---------- Given information

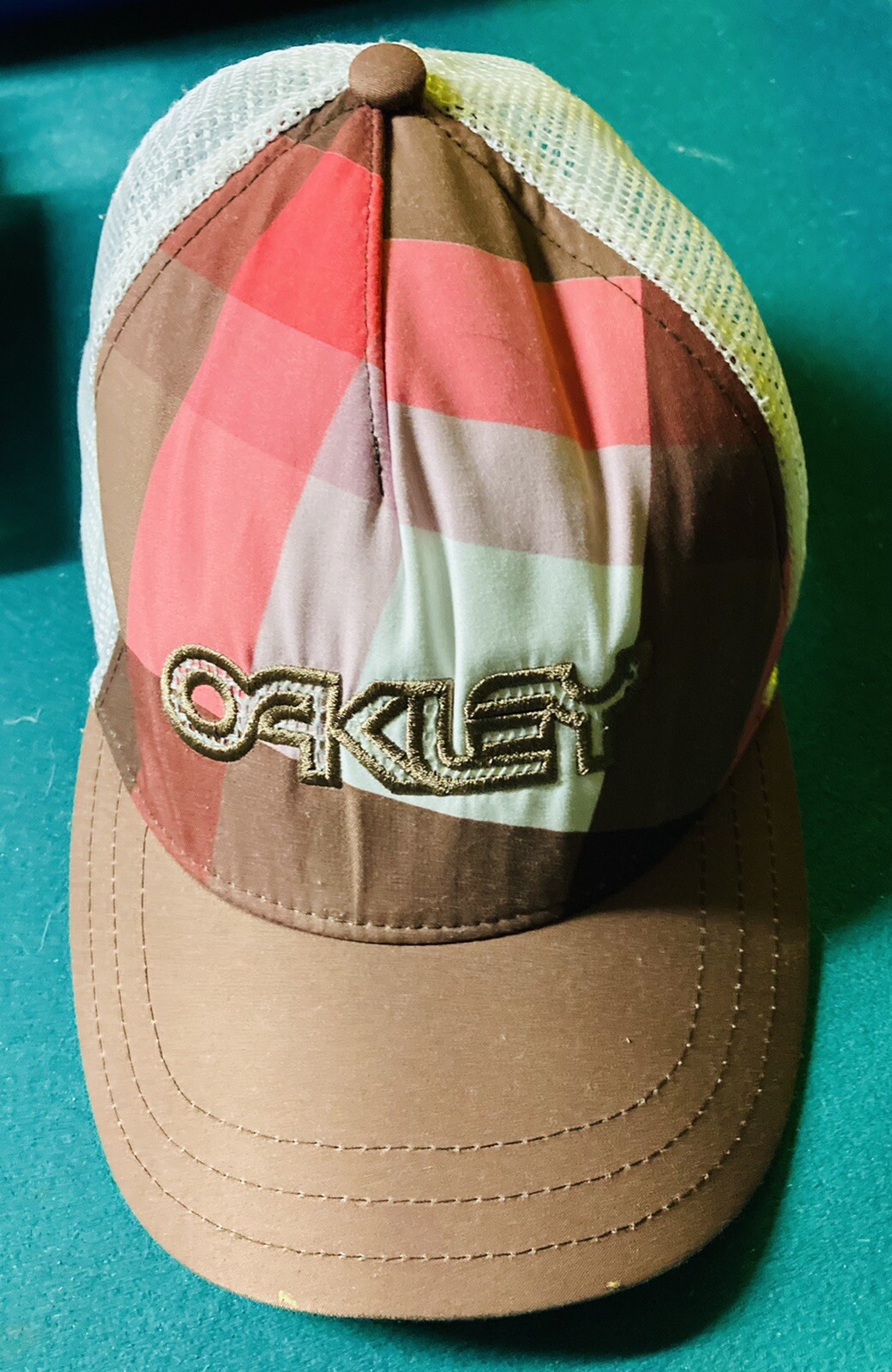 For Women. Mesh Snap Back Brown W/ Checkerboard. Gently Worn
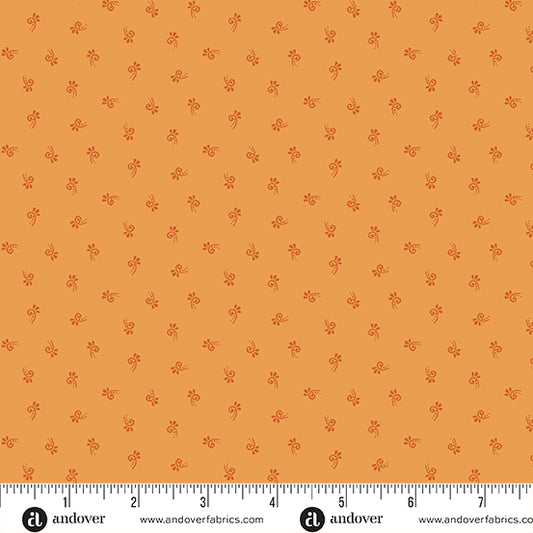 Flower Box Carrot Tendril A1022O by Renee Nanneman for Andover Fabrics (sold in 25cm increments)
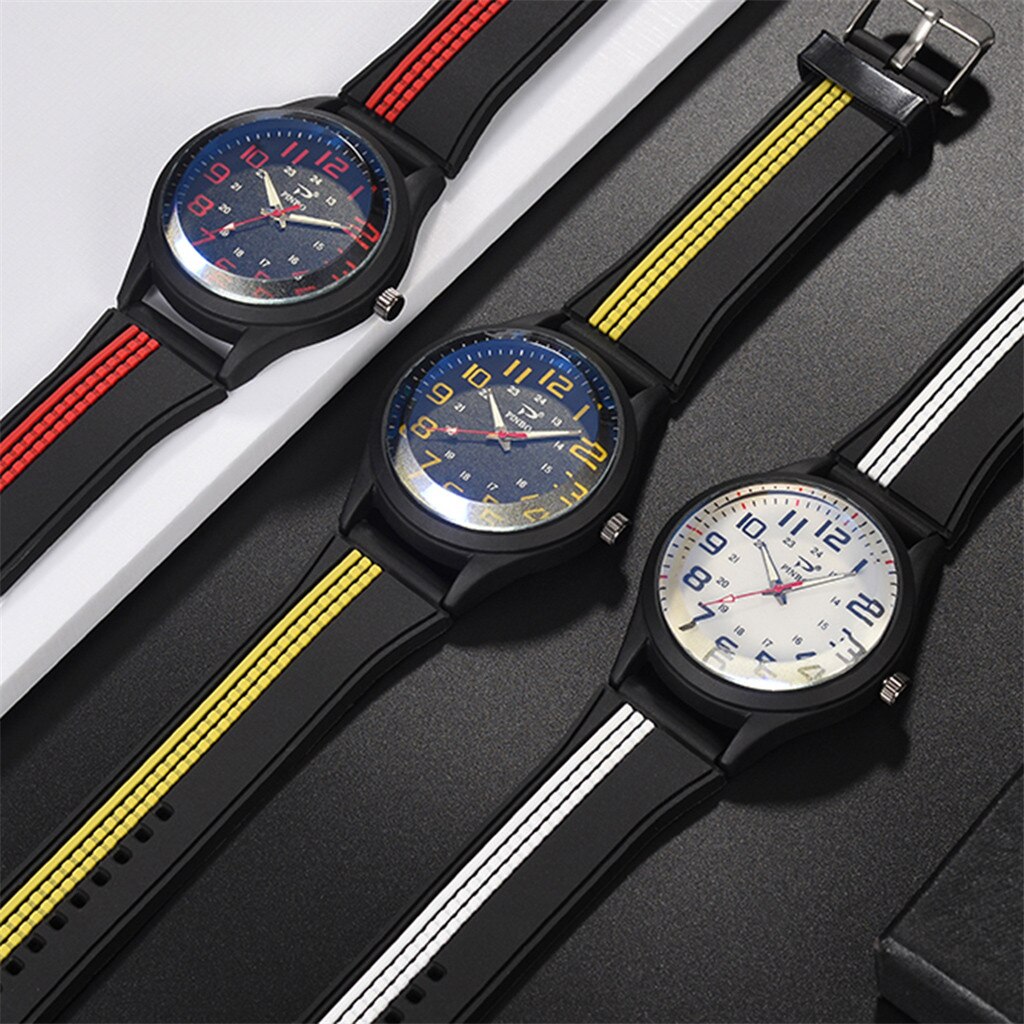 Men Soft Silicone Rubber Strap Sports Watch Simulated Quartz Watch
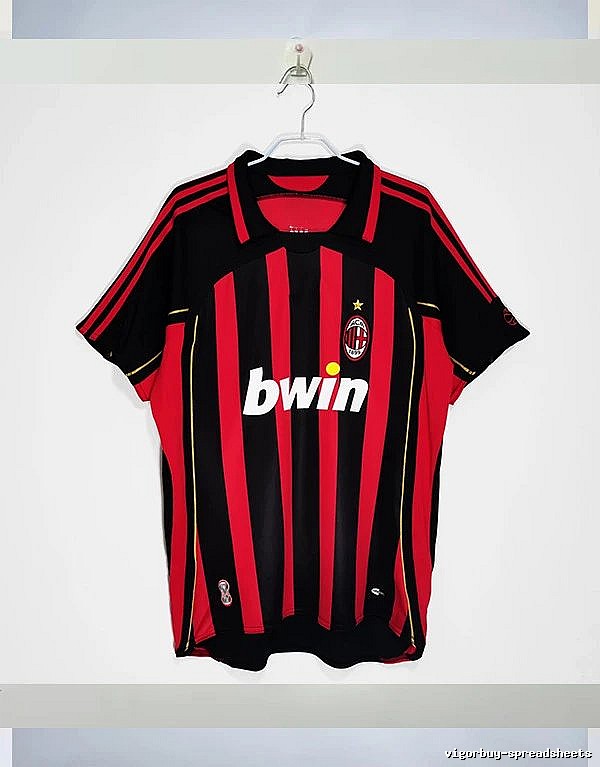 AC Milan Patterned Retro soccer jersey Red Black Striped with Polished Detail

--------------------
---------- Given information

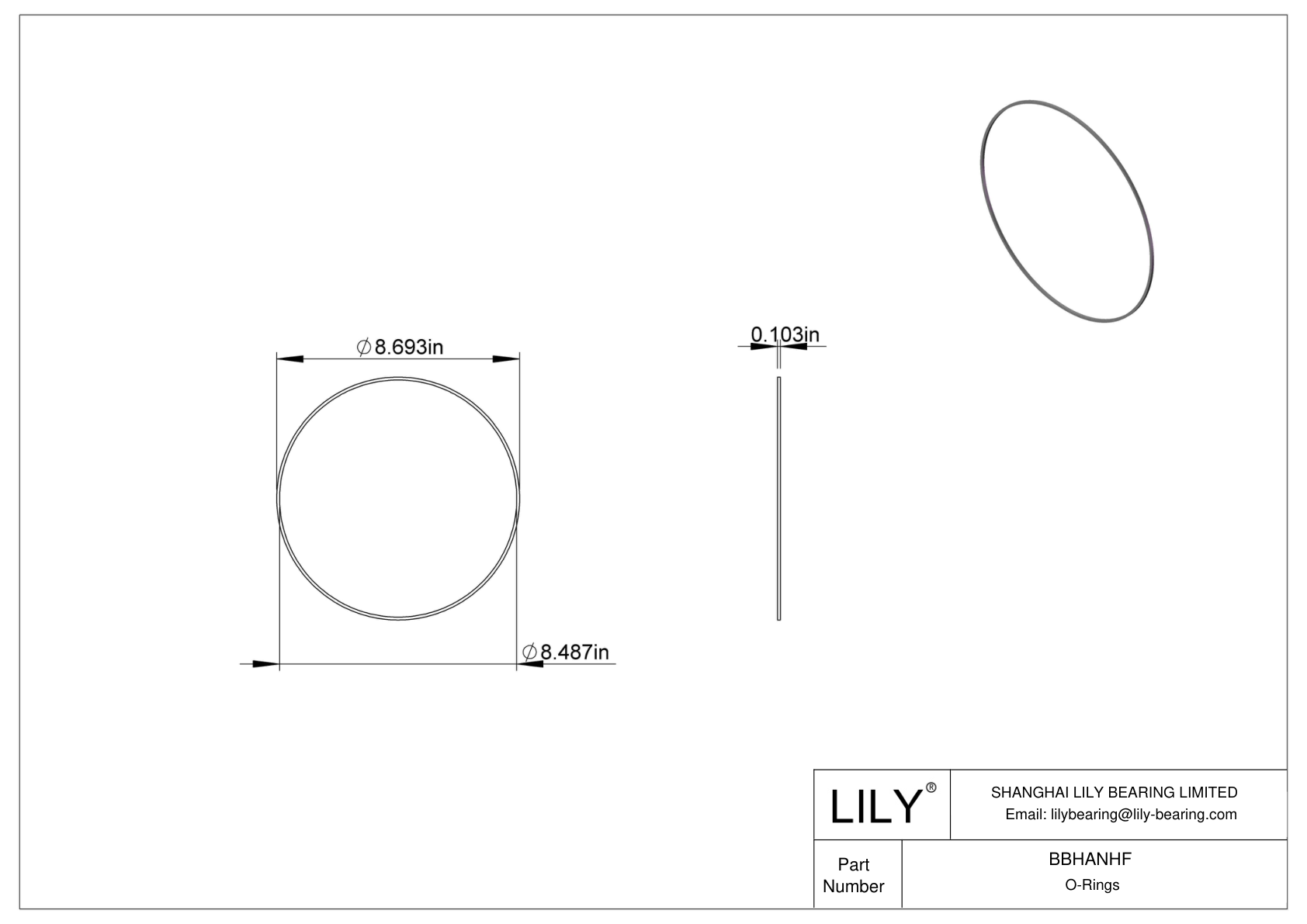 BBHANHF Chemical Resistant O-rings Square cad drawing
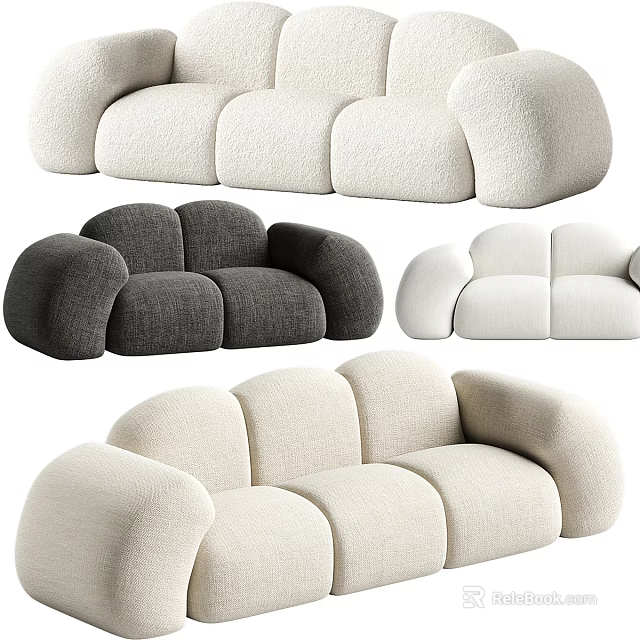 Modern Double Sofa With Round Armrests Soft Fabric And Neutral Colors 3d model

--------------------
---------- Given information

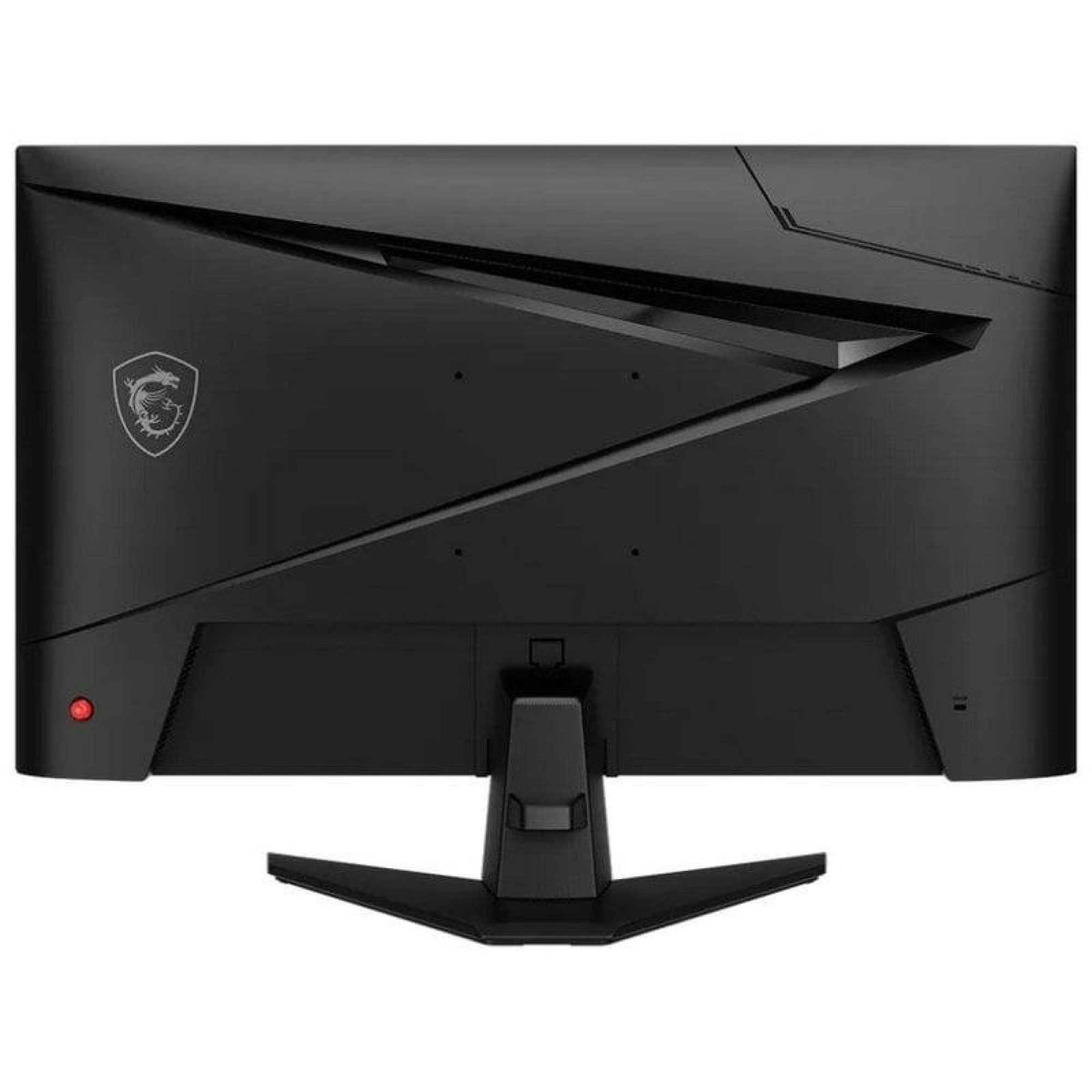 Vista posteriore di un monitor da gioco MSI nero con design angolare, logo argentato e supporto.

--------------------

- **What to do**
What are the lines in the records above, word for word, from the one containing "Flower Box Carrot" through the one containing "AC Milan Patterned", both ends included and pictures left out?

- **Task result**
 Flower Box Carrot Tendril A1022O by Renee Nanneman for Andover Fabrics (sold in 25cm increments)
 Men Soft Silicone Rubber Strap Sports Watch Simulated Quartz Watch
 AC Milan Patterned Retro soccer jersey Red Black Striped with Polished Detail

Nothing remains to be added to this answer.